Integral (I). Integral control, also referred to as reset control, responds to the total error. It tries to drive the PV back to the SP and drive the current error value to zero. This method works by constantly accumulating the error to calculate a total error value. The effect of the integral control is then proportional to this total. When the current error goes to zero, the total error stops changing. The integral tuning coefficient may be expressed as repeats/sec or sec/repeat, depending on how the PID equation is set up. Repeat is how often the controller comes back and looks at the error to adjust the OP.

When the integral tuning coefficient is expressed as repeats/sec, the response becomes stronger as the number increases.

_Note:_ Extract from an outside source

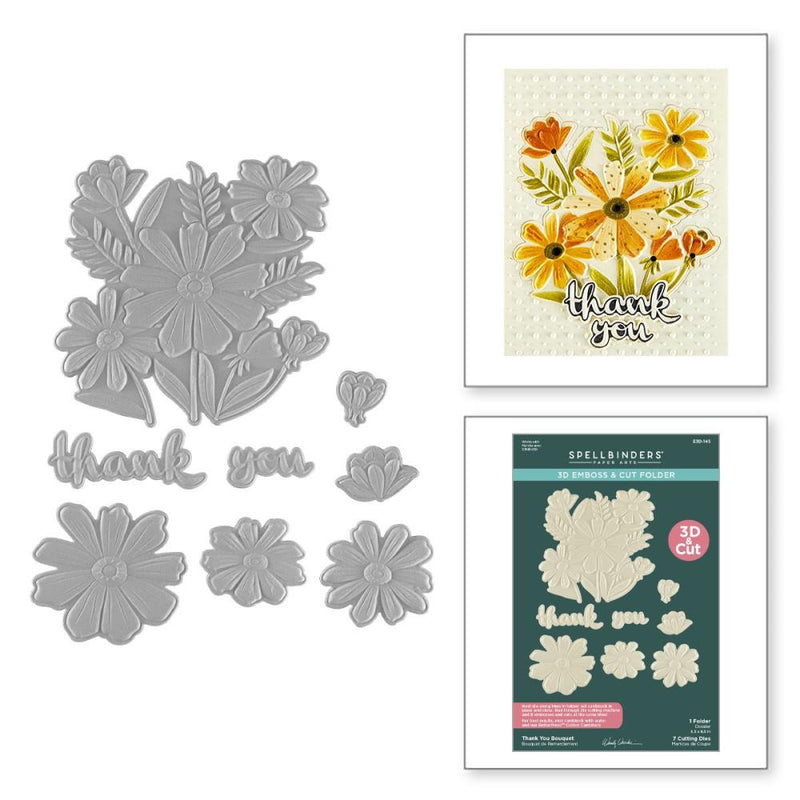 ***Pre-Order*** Spellbinders - 3D Emboss & Cut Folder by Wendy Vecchi - Tabbed Classics - Thank You Bouquet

Alternatively, when the integral tuning coefficient is expressed as sec/repeat, the response becomes weaker as the number increases. The typical units are repeats/sec, but if you are unsure of the units for your system, make a small increase in the integral and see if the response gets stronger or weaker. Repeats/sec is assumed in all of the examples used in this article.

Reset windup is a problem that may arise with integral action. It occurs when the OP goes up to 100% or down to 0%. The integral (or reset) function continues to try and increase the OP to above 100% or below 0%. Mathematically, this occurs because the error continues to accumulate in the PID equation. This accumulation will delay the response when the error begins to fall and keep the OP from changing until the excess error that has accumulated is worked off. Reset windup is overcome automatically in most modern digital control programs. Once the OP reaches an upper or lower limit, the program stops the accumulation to prevent reset windup.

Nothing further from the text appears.